ROBERT HENDERSON said:


> Marinero.
> Britain is not going to contribute the new super carriers to the EU NAVY. Brown said so at last weeks PM questions. Yes! I know we have all seen pigs that can fly.


Having watched Prime Minister's Questions on TV I am very surprised there has not been more 'fall out' in regard to his answer about the carriers and his reference to the ENGLISH Navy - he definately tied himself in knots!!!
Peter4447(Smoke)


----------



## ROBERT HENDERSON (Apr 11, 2008)

*Government Cancels Two Warships*

Peter 4447
I remember his quote on PM questions regarding the English Navy now that you have jogged my memory, I did not pick it up at the time, I concentrated more on his remarks regarding not contributing them to the EU navy. When the EU says jump, Gordon says ''how high''.
Robert

(Cloud) (Cloud) (Cloud)


----------



## Hawkeye (Dec 7, 2005)

John N MacDonald said:


> I wonder what ships are going to escort the 2 super carriers if they are ever built!

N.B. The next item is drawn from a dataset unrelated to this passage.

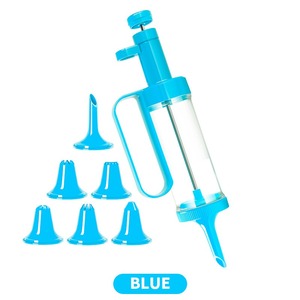 Juego completo de pistola para hacer galletas de cocina con herramienta de montaje y boquilla <span class=keywords><strong>Flor</strong></span> exprimible para hornear soja empaquetada en bolsa OPP - Product Image 6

I've got four kayaks that can escort them, if that is any help.


----------



## cboots (Aug 16, 2004)

Having just read the article it sounds to me like they found better things to spend the money on than exercising what were only options after all. You Poms should consider yourself lucky; immediately upon being elected, and announcing that sweeping cuts in public expenditure would be coming, to fix the problems created by his predecessors (what else?), Mr. Rudd, without pausing for breath, told us that the one budget that would be sacrosanct would be defence. So the ADF is still to get around $30 billion of war bling, all of which seems far more relevant to following the US on their various imperialist adventures than the defence of our own dear land.
CBoots


----------



## Chouan (Apr 20, 2006)

Perhaps they can cancel the pointless "super-carriers" as well as save us some more money, then we won't need to escort anything.


----------



## JimC (Nov 8, 2007)

John N MacDonald said:


> I wonder what ships are going to escort the 2 super carriers if they are ever built!

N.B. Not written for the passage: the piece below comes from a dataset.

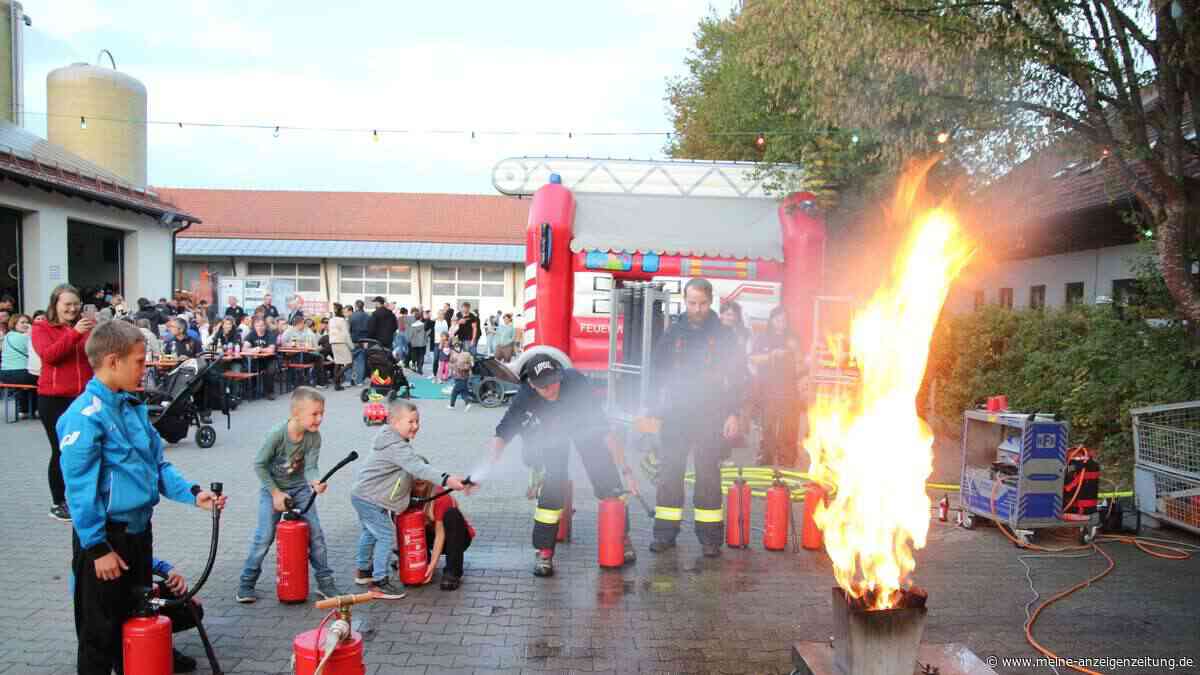 „Lange Nacht der Feuerwehr“: Schon nach 30 Minuten waren alle Tische besetzt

With tongue in cheek: Two SCOTTISH frigates, one WELSH submarine and a NORTHERN IRISH Type 23. Then they are going to call it the BRITISH navy.


----------



## Noddy-Billing (Nov 6, 2007)

Chouan said:


> Perhaps they can cancel the pointless "super-carriers" as well as save us some more money, then we won't need to escort anything.

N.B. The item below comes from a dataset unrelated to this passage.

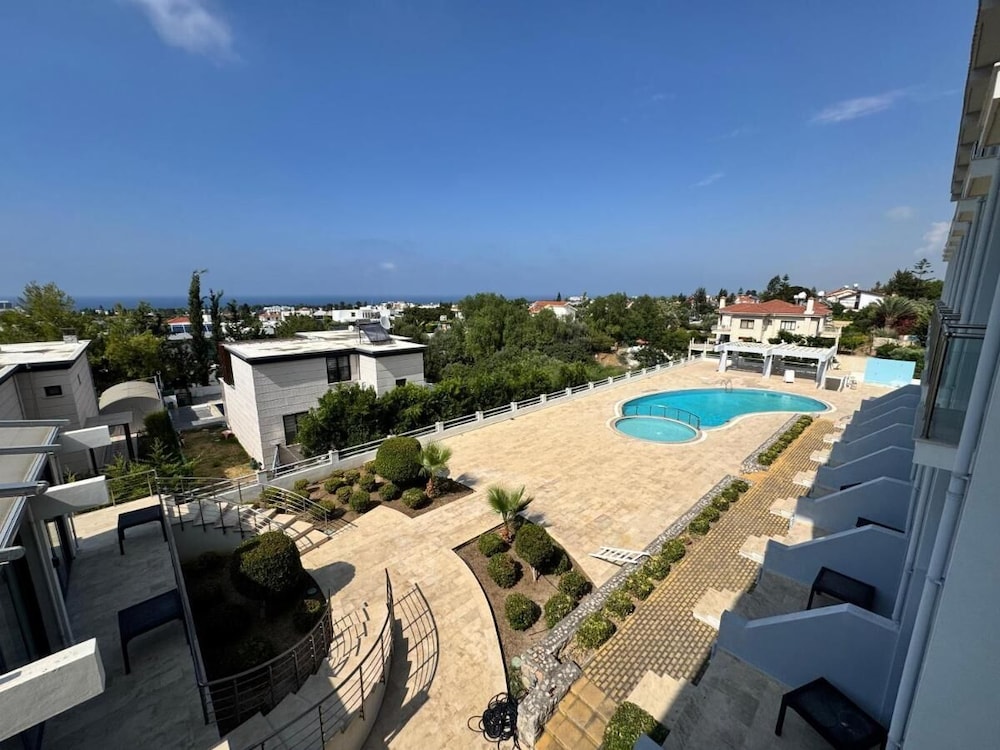 Bellapais Oasis Hotel 16/19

We can't cancel them until Babcock Thorne & Rosyth Dockyard have been paid substantial millions, or else the Scottish voters may vote for someone else!
Then we will cancel them, because we will then realise that we could never afford to run them anyway. We didn't get where we are today by being honest!


----------



## Santos (Mar 16, 2005)

cboots said:


> Having just read the article it sounds to me like they found better things to spend the money on than exercising what were only options after all. CBoots


Yeah sure - the only thing they want to spend the money on is MPs pay and expences which they want vastly increasing whilst everyone else is being told by them that they must refrain from asking for a rise, even though they are very poorly paid. (Cloud) 

Chris


----------



## JimC (Nov 8, 2007)

Santos said:


> Yeah sure - the only thing they want to spend the money on is MPs pay and expences which they want vastly increasing whilst everyone else is being told by them that they must refrain from asking for a rise, even though they are very poorly paid. (Cloud)
> 
> Chris


Not entirely. I read today that some arty-pharty (have to spell it this way) group need money. They've only managed to collect just under half a million pounds in Lottery Money to ensure that -among other things - a rare lesbian Book is kept for future generations to admire!
This when villages, old people's centres, schools, health centres and much less deserving causes are moaning because they don't get enough.

Whatever happened to the real world?


----------



## andysk (Jun 16, 2005)

ROBERT HENDERSON said:


> Marinero.
> Britain is not going to contribute the new super carriers to the EU NAVY. Brown said so at last weeks PM questions. Yes! I know we have all seen pigs that can fly.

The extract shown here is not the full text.